Each agent has a default system prompt tuned to its specialty. You can append to it or replace it entirely. Useful for injecting project-specific context that every session should know — coding style, architecture decisions, naming conventions.

Tip
For large projects, use the Forge tab in the Memory Palace instead of long system prompts. Forge memories are retrieved selectively when relevant, so they do not burn context budget on every single call.

Trust mode#

Each agent can have its own Trust Mode (Ask, Auto, or Yolo) independent of the global setting. A common setup: Coder on Auto, Security on Ask so every tool call gets reviewed, General on Yolo for exploratory work.
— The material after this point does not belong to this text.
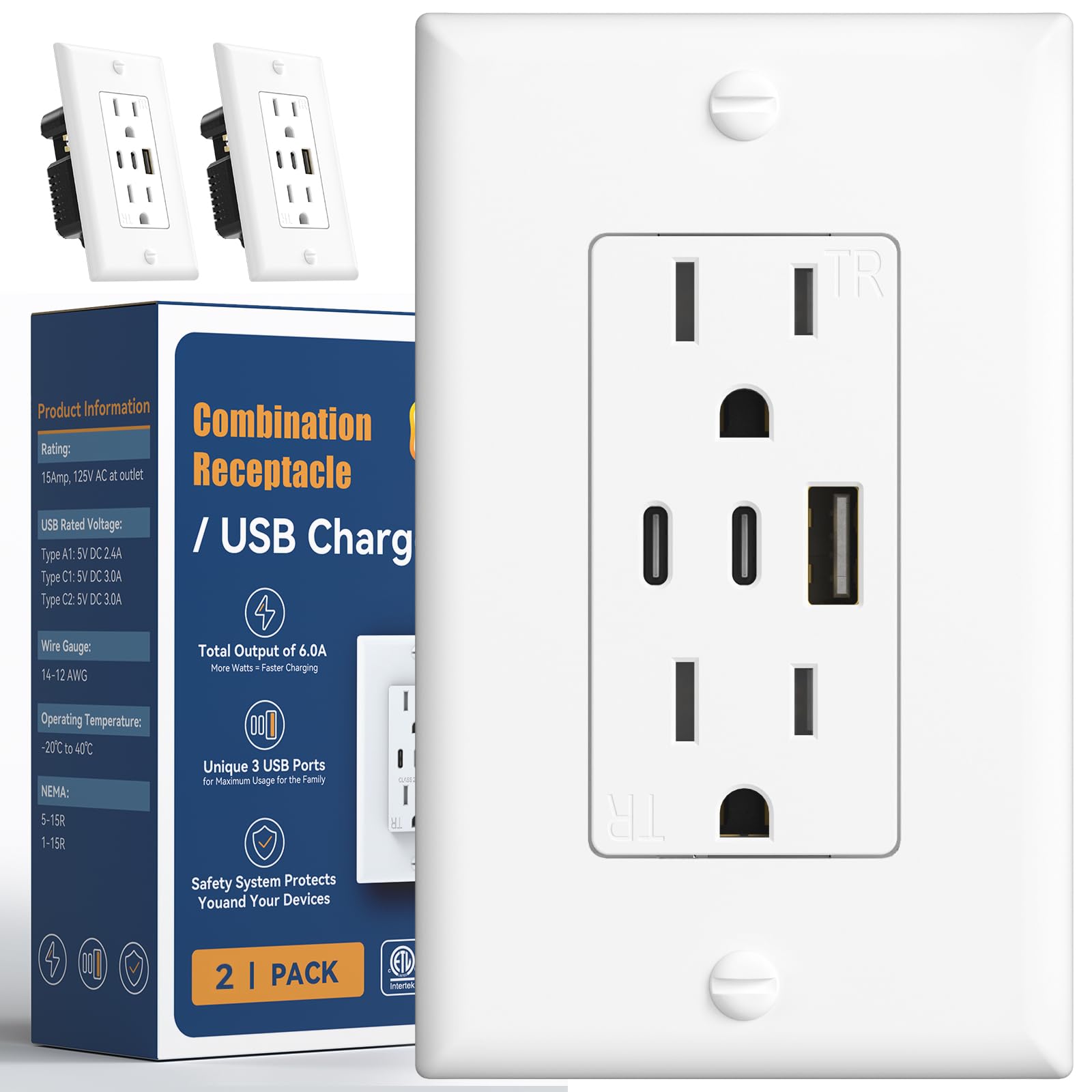 Amico 6.0A USB Outlet 2 Pack, 3-Port 30W Wall Outlets with 2 Type C & 1 Type A, 15 Amp Receptacle Plug, Tamper Resistant Receptacle, Wall Plate Included, ETL Listed, White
See Trust Modes for full details.

How the agent loop works#

Every agent runs the same core execution cycle:

  • Assemble context — budget-aware prompt assembly caps system prompt at 45% of context, history at 35% minimum, reply tokens reserved
  • Query memory — Engram retrieval pipeline runs, relevant memories are injected into context
  • Send to model — streamed through the provider abstraction layer
  • Execute tools — tool calls dispatched through the QuickJS sandbox with trust mode enforcement
  • Repeat — until a final response or the max round limit is hit

Built-in safety#

  • Tool circuit breaker — after 3 consecutive failures on the same tool, the agent gets a warning nudge. After 5, the tool is blocked for the session.
  • Repetition detector — hashes tool call signatures and detects loops. Breaks them automatically.
  • Yield signaling — if you send a new message mid-turn, the current run is gracefully interrupted.
  • Token budget enforcement — the context window is never exceeded. Budget awareness runs at every assembly stage.